The uneasy mood created by Bhutto’s death creates an opening for Mr. McCain, who is already climbing in national and key state polls, to connect with Republican voters who were previously cool toward him because of his apostasies on domestic topics like immigration, campaign finance reform, and tax cuts.
Mr. Huckabee and Mr. Romney also offered responses to Bhutto’s killing, but their words almost didn’t matter. The absence of significant international experience from each man’s portfolio—and the short shrift both of them have given foreign policy in their campaigns—guarantees that almost no one will look to them for comfort or wisdom on a day like Thursday. Mr. Romney used language similar to Mr. McCain’s, chalking up the assassination to “violent Jihadism,” but without Mr. McCain’s commanding presence, his words only reinforced his unfamiliarity with the subject. And Mr. Huckabee didn’t even try to mimic Mr. McCain, offering generic praise for democracy and sympathies for Bhutto and leaving it at that.
Thursday gave Republicans of all ideological stripes a glimpse of John McCain at his best. That impression can only accelerate the momentum he’s built over the last few weeks.
The fallout on the Democratic side is much less clear.
At first blush, Hillary Clinton may seem like the prime beneficiary, simply because her campaign is built on her “experience.”
The problem with this analysis, though, is that, unlike on the Republican side, Bhutto’s assassination does not draw attention to a massive foreign policy credibility gap between the top candidates. Unlike Mr. Romney and Mr. Huckabee, Barack Obama has not been ignoring foreign policy in his campaign. In fact, much of his appeal is rooted in the “soft power” potential of his presidency—the idea that people in hostile countries will look at American much differently if it elects an African-American named Barack Hussein Obama as its President.

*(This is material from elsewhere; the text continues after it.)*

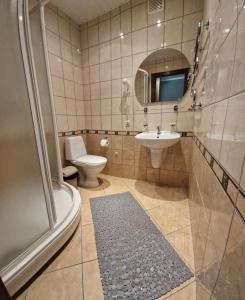 e bagno con servizi igienici, lavandino e doccia. di Hotel Linda - Helvita a Liepāja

To many Democrats, the turmoil and instability in Pakistan only reinforces the need for a dramatic change in America’s relationship with the rest of the world—a kind of change that the candidate of “experience” simply can’t offer.
Of course, the most clear and substantive voice on Thursday belonged, as often is the case, to Joe Biden. In an MSNBC interview, he calmly assessed the internal politics of Pakistan, cautioned against turning on Mr. Musharraf (despite his obvious shortcomings), and emphasized the predominance of moderate and secular viewpoints among the country’s citizens. He also resisted gloating over the fact that he’s been warning all year that Pakistan, much more than Iran, poses a serious potential threat to the United States.
If Biden were one of the front-runners, Democrats would probably be flocking to him after Thursday. But he’s not, so his words, as usual, fell mostly on deaf ears.